This approach boosted forwarding performance on my ESX setup with vmx interfaces.


With regards the speedtest-cli to the Internet, I;d say to try to tcpdump/wireshark on both sides of firewall to see if the packets go nicely as expected or if there are resends, rubbish or something strange going on.



#8
So instead of single stream 770Mbps you are now getting 850Mbps . IMHO thats nice, not perfect but nice.

Networking tasks should now be spread over more CPU cores but still low. As the last time you have posted 33% sys CPU load at one core. IMHO healthy system. But this time it will spread over two plus cores.
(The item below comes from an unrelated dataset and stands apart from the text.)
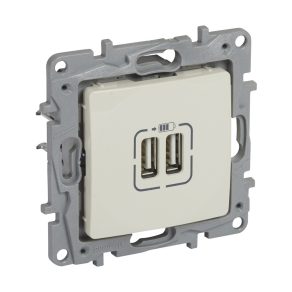  Priză dublă de încărcare USB-A+A Legrand Niloé - 3 A - 15 W, bej - 764694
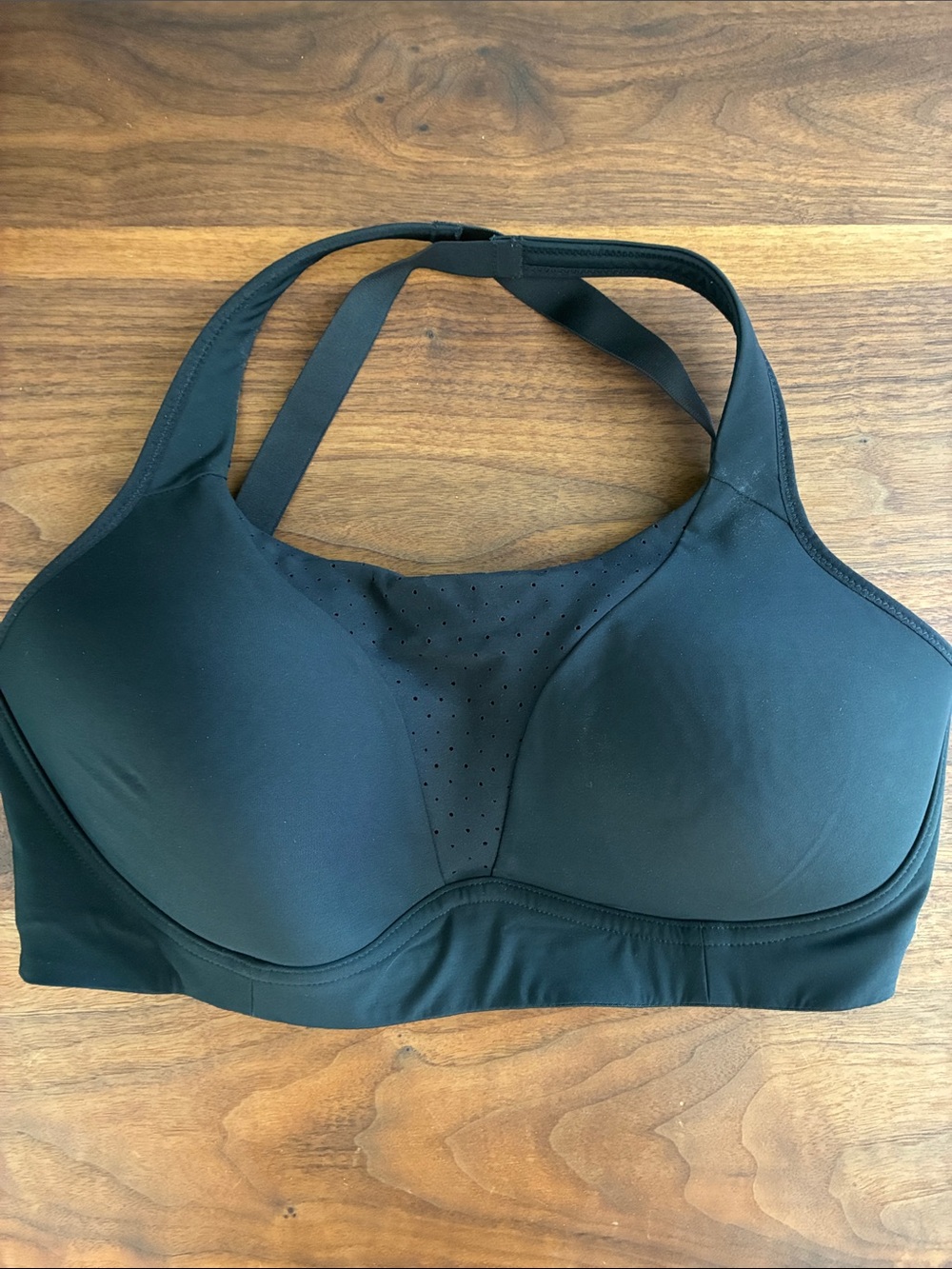 lululemon athletica Black Padded Sports Bra with Perforated Center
I don't have benchmarks for single stream , I'm afraid. Always been using -P2 and resulting similarly to 950Mbps (either UP or DOWN load). Maybe I'll try later but can;t promise.

Maybe 850Mbps single-stream is just fine now but I'm not sure. There is always a performance decrease because of intentional non-offloading NICs and Netmap'ing within OPNsense, however the decrease is almost invisible with multiple streams/sessions in case of 1GbE. That is 950Mbps and more , in case of -P2, which is very nice considering MTUs , pps, and other limitations of source-destination NICs.

Reminds me, the OPNSense docs say , to keep TCP, UDP, LRO offloadings in the default = OFF.

And this might be useful too -- an example of "healthy" initialization of a powerful Intel 1GbE NIC (dmesg | grep igb0):

igb0: <Intel(R) PRO/1000 PCI-Express Network Driver> port 0xc020-0xc03f mem 0xfe8a0000-0xfe8bffff,0xfe880000-0xfe89ffff,0xfe8c4000-0xfe8c7fff irq 40 at device 0.0 on pci3
igb0: Using 1024 TX descriptors and 1024 RX descriptors
igb0: Using 2 RX queues 2 TX queues
igb0: Using MSI-X interrupts with 3 vectors
igb0: Ethernet address: 00:25:90:00:00:00
igb0: netmap queues/slots: TX 2/1024, RX 2/1024

Important is: MSI on, more than one HW-queue, more than one netmap queues mapped in non-emulated mode.

Is the single stream TCP performance somehow crucial for you ?

TCP stack itself has got some tunables too -- both via Iperf3 tool and the kernel sysctl.

T.

#9
I'd say, for the start , use these tunables

net.isr.maxthreads = "-1"
net.isr.bindthreads = "1"

to have multiple queues ;
And disable flow control on the Intel NICs, e.g.

dev.igb.0.fc = "0"
dev.igb.1.fc = "0"


The most 1GbE setups i've seen do the NAT  close to 1Gbps happily.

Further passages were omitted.